Avó de oito netos, Beatriz reconhece que não “faz a boazinha” com as noras. “Avisei logo que eu não ia ser vovó de tomar conta de neto. Me dou muito bem com eles, mas nem pensar!” A aparente independência afetiva só dá sinais de vulnerabilidade quando ela recebe alguma crítica negativa no teatro. “Dói até o fundo do coração. O ator que disser que não, está mentindo.” E quem teria escrito algo com tamanho potencial destrutivo? Ela conta que sofreu marcação cerrada de um crítico teatral de São Paulo, por motivos pessoais. Segundo ela, ele também disputou a bolsa de estudos em Paris, mas não conseguiu ganhar; e, pior ainda, a cortejou e foi rejeitado. Nos anos 1970, quando ela e o marido administraram um importante projeto de produção de grandes espetáculos no Theatro São Pedro, na Barra Funda, Maurício impediu a entrada do crítico em um espetáculo porque ele chegou 20 minutos atrasado. Foi a gota d’água: “A partir daí , eu já sabia. Tudo o que eu fizesse seria ruim para ele”. Descontando esse caso de perseguição pessoal, cujo autor ela prefere não citar nominalmente, Beatriz Segall acredita que naquela época os jornalistas eram mais preparados, tinham conhecimento de causa, capacidade para dar opinião.

AS ‘ELITE’

O inconformismo da atriz em relação ao que ela chama de “rebaixamento da cultura brasileira” está diretamente ligado ao seu posicionamento político radical contra Lula, Dilma e o Partido dos Trabalhadores. Embora afirme que não sabe o suficiente de “sociologia” para discutir o assunto, ela acredita que o governo do PT contribuiu muito para essa “queda no nivelamento”. E então, baixa uma Odete rápida: “A atitude deles é de desprezo pelas ‘elite’. Pode colocar sem o ‘s’ mesmo”. Apesar de ter tido um marido socialista que chegou a ser preso na época da ditadura militar, e de ter votado em Lula “no início”, Beatriz Segall agora integra a ala dos que se consideram “enganados”. “A primeira vez em que ouvi falar do PT foi em um jantar na casa do Celso Lafer. O Fernando Henrique (Cardoso) nos falou da formação do partido, e eu me lembro de a gente ter ficado muito entusiasmado.” Beatriz conta que chegou a dar dinheiro para o partido: “Depois parei.” Quando se pergunta sobre um representante da elite cultural, ela responde FHC.

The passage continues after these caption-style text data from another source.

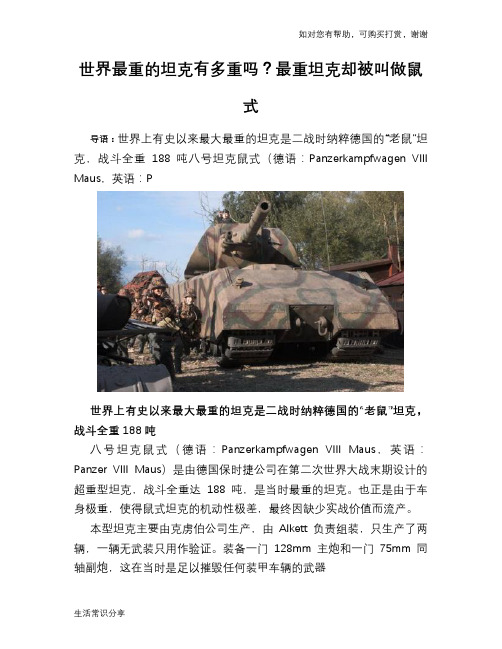 历史趣闻世界最重的坦克有多重吗？最重坦克却被叫做鼠式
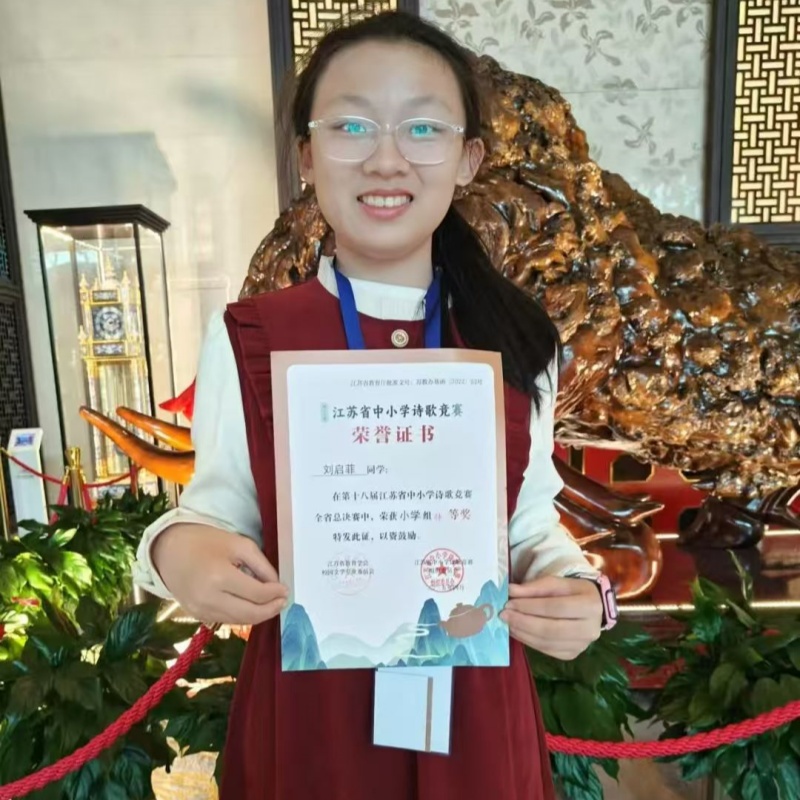 诗教沃土育新苗 鹤鸣声起谱华章——江苏省徐州市铜山区实验小学学子刘启菲斩获省诗歌竞赛特等奖
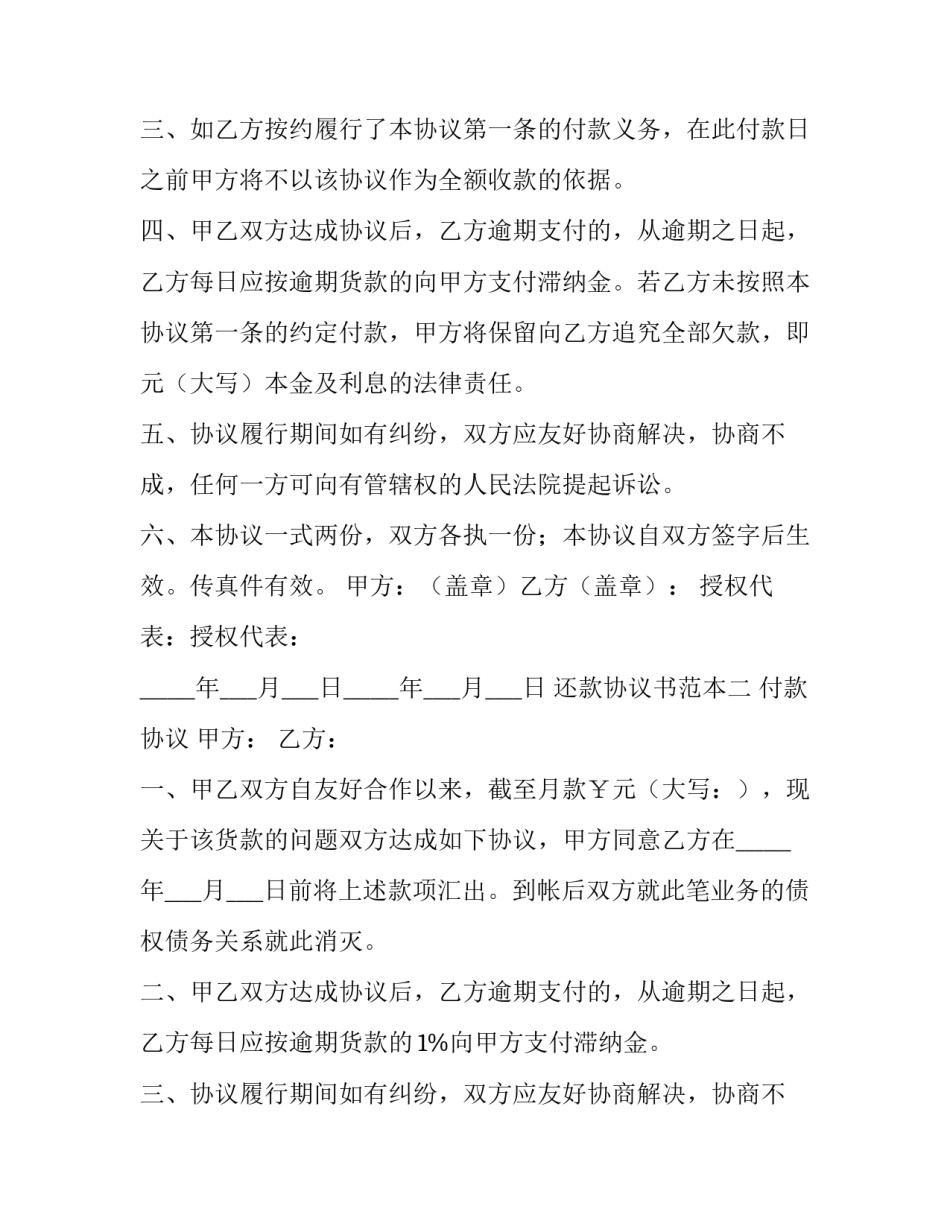还款协议书还款协议书简短 还款协议书怎么写范文(四篇)_第2页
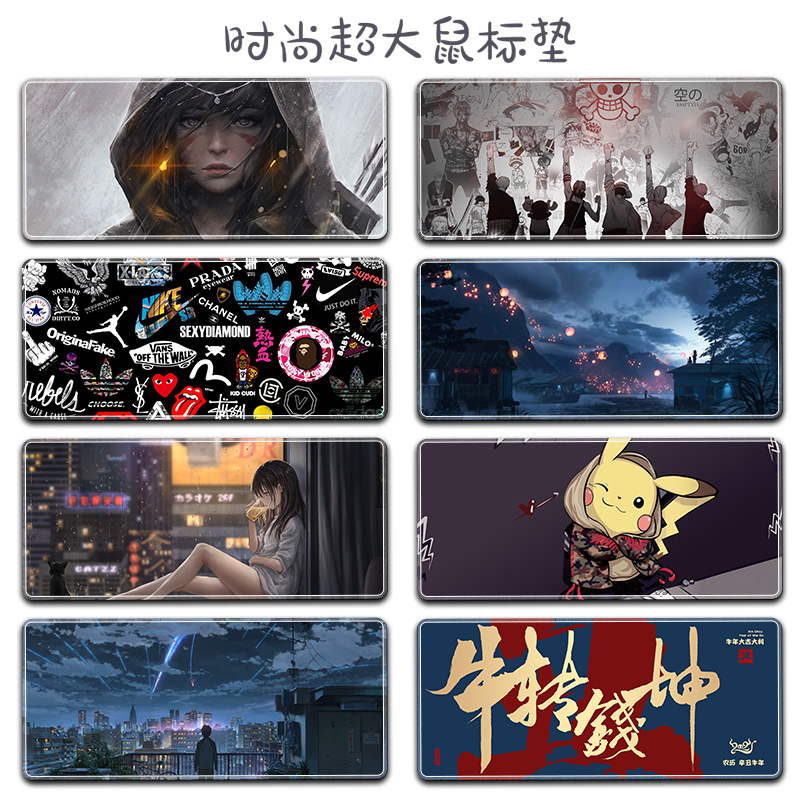 Mega Slip Rat Pad Hair Chart Custom Desk Mat Thickened Plastic Mat Boys Creative Dazzling Cool Cartoon Office Secondary Meta electric race Number of notebooks Notebook Lock Side Multifunction Make Big Creative Desk Cushion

A questão é que FHC já está, digamos, cumprindo a hora extra, e a elite do Brasil no momento se compõe de gente como o presidente da Câmara, Eduardo Cunha; do Senado, Renan Calheiros; e o vice-presidente, Michel Temer, os três investigados por corrupção. Beatriz reage brava: “Existe uma diferença grande entre ocupar um cargo de poder em Brasília e fazer parte da elite. Aquilo ali não é elite nem aqui nem na China”. Para começar, diz ela, quem está no poder no Brasil governa à revelia do povo que os elegeu. “Você já esteve no plenário da Câmara? Eles não ouvem nem a si mesmos. Falam, falam, e os outros conversando ali ao lado. Não prestam atenção nenhuma.”

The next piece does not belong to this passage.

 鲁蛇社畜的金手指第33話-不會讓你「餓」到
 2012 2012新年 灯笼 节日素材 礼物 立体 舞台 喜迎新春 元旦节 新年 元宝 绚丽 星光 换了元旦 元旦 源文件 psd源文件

“A atitude deles [do PT] é de desprezo ‘pelas elite’. Pode colocar sem o ‘S’ mesmo” || Créditos: André Giorgi/Revista J.P
SENHORINHA OBEDIENTE

Agora, Beatriz Segall se senta no sofá da sala de seu apartamento, que fica embaixo de um retrato dela assinado por Lasar Segall. O tempo passa rapidamente em um momento, e de repente a atriz é uma senhorinha bem comportada que obedece às orientações do fotógrafo, enquanto posa. Diz que, ao contrário de muitos atores, não se sente constrangida quando se assiste na TV. “Eu me vejo, sem problema.” A saúde, diz, vai bem, descontando um acidente no último espetáculo de que participou, o musical Nine, quando levou um tombo. “Quebrei o braço em cena, e não poderia fazer a personagem (a mãe de Fellini) engessada.” Coincidentemente, isso foi no dia em que completou 89 anos. Para a tristeza de seus incontáveis fãs, a atriz afirma que o musical foi seu último ato no teatro. “Canso facilmente hoje em dia. E não tenho vontade de fazer.” Apesar da máscara de resignação, os olhos verdes brilham mais vivos do que nunca.